=== TASK DIRECTIONS ===
Where does the string "like" appear in the records? Copy each line that holds it.

=== DATA EXCERPTS ===
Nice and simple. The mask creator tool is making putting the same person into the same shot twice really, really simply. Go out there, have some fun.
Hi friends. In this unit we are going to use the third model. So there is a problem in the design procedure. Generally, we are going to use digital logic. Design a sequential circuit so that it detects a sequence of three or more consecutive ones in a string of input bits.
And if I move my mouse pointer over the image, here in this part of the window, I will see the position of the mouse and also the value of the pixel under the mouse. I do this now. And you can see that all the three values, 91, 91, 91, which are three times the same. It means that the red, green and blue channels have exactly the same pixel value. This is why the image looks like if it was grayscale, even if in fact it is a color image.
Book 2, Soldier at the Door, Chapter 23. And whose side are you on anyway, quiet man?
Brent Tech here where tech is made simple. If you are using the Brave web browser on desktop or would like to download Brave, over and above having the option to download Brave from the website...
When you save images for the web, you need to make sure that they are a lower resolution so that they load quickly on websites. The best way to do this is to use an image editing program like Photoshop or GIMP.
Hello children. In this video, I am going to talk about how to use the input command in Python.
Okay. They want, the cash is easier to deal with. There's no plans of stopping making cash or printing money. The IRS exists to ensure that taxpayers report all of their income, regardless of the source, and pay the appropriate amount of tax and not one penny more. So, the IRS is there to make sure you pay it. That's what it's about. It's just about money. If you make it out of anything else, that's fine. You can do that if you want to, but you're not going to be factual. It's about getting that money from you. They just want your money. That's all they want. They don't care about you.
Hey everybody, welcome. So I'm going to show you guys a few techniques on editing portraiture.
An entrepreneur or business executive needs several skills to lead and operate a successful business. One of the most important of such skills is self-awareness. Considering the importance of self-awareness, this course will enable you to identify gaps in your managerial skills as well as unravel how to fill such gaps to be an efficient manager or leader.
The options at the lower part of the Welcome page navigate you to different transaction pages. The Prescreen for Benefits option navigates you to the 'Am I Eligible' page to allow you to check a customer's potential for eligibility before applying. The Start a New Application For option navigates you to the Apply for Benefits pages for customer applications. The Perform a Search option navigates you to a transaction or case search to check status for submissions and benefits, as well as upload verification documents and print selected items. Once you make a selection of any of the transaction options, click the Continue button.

=== ANSWER TO THIS TASK ===
And if I move my mouse pointer over the image, here in this part of the window, I will see the position of the mouse and also the value of the pixel under the mouse. I do this now. And you can see that all the three values, 91, 91, 91, which are three times the same. It means that the red, green and blue channels have exactly the same pixel value. This is why the image looks like if it was grayscale, even if in fact it is a color image.
Brent Tech here where tech is made simple. If you are using the Brave web browser on desktop or would like to download Brave, over and above having the option to download Brave from the website...
When you save images for the web, you need to make sure that they are a lower resolution so that they load quickly on websites. The best way to do this is to use an image editing program like Photoshop or GIMP.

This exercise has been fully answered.